Information supplied -
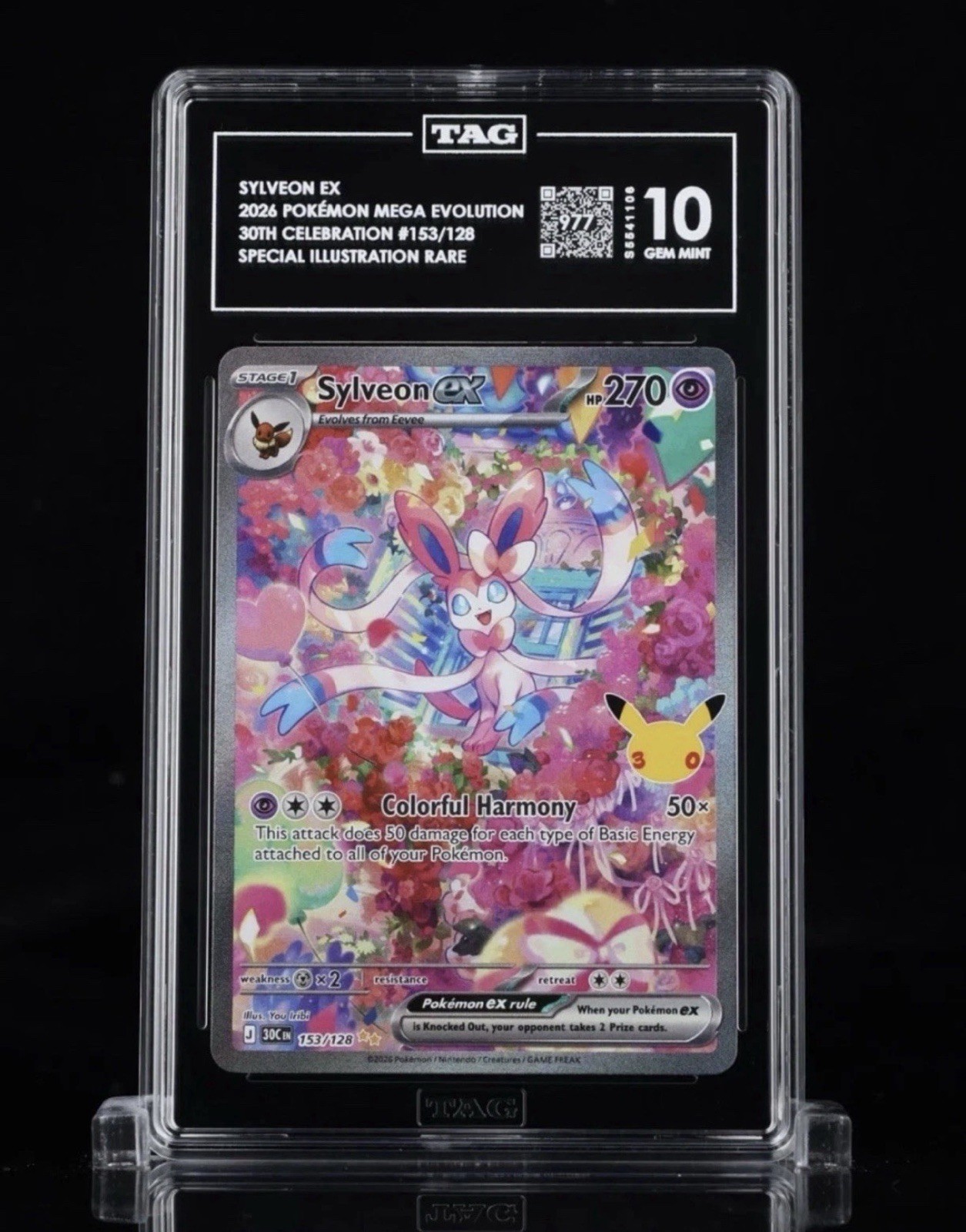 Sylveon Ex SIR 30th Anniversary Celebrations TAG 10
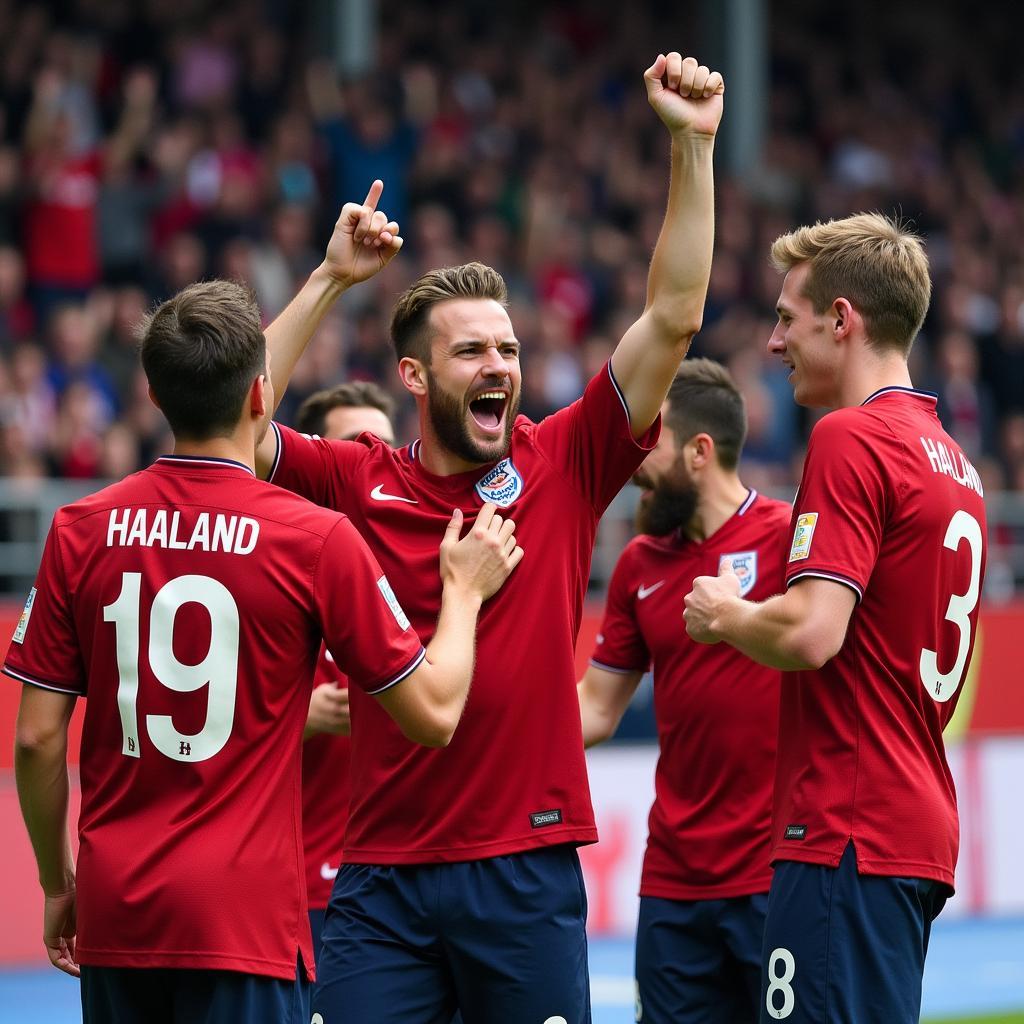 Erling Haaland celebrates a goal with his teammates, showcasing the joy and camaraderie of football.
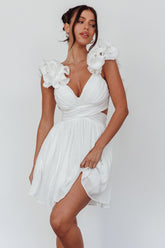 Adagio Lace-Up Back Mini Dress Off White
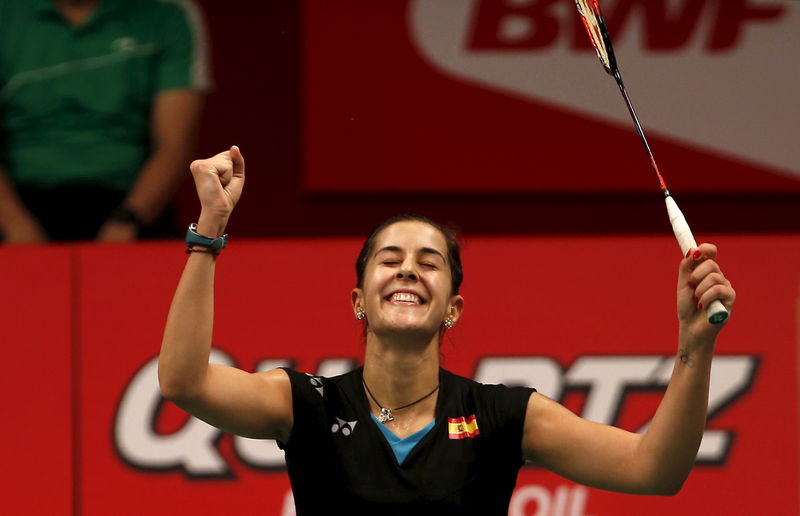 © Reuters. La española Carolina Marín jugará la final del mundial de bádminton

What is needed - With the pictures excluded, the line containing "Adagio Lace-Up Back Mini Dress Off White" and every line after it through the end of the data above are to be transcribed exactly, and nothing more.

Response for this exercise -
 Adagio Lace-Up Back Mini Dress Off White
 © Reuters. La española Carolina Marín jugará la final del mundial de bádminton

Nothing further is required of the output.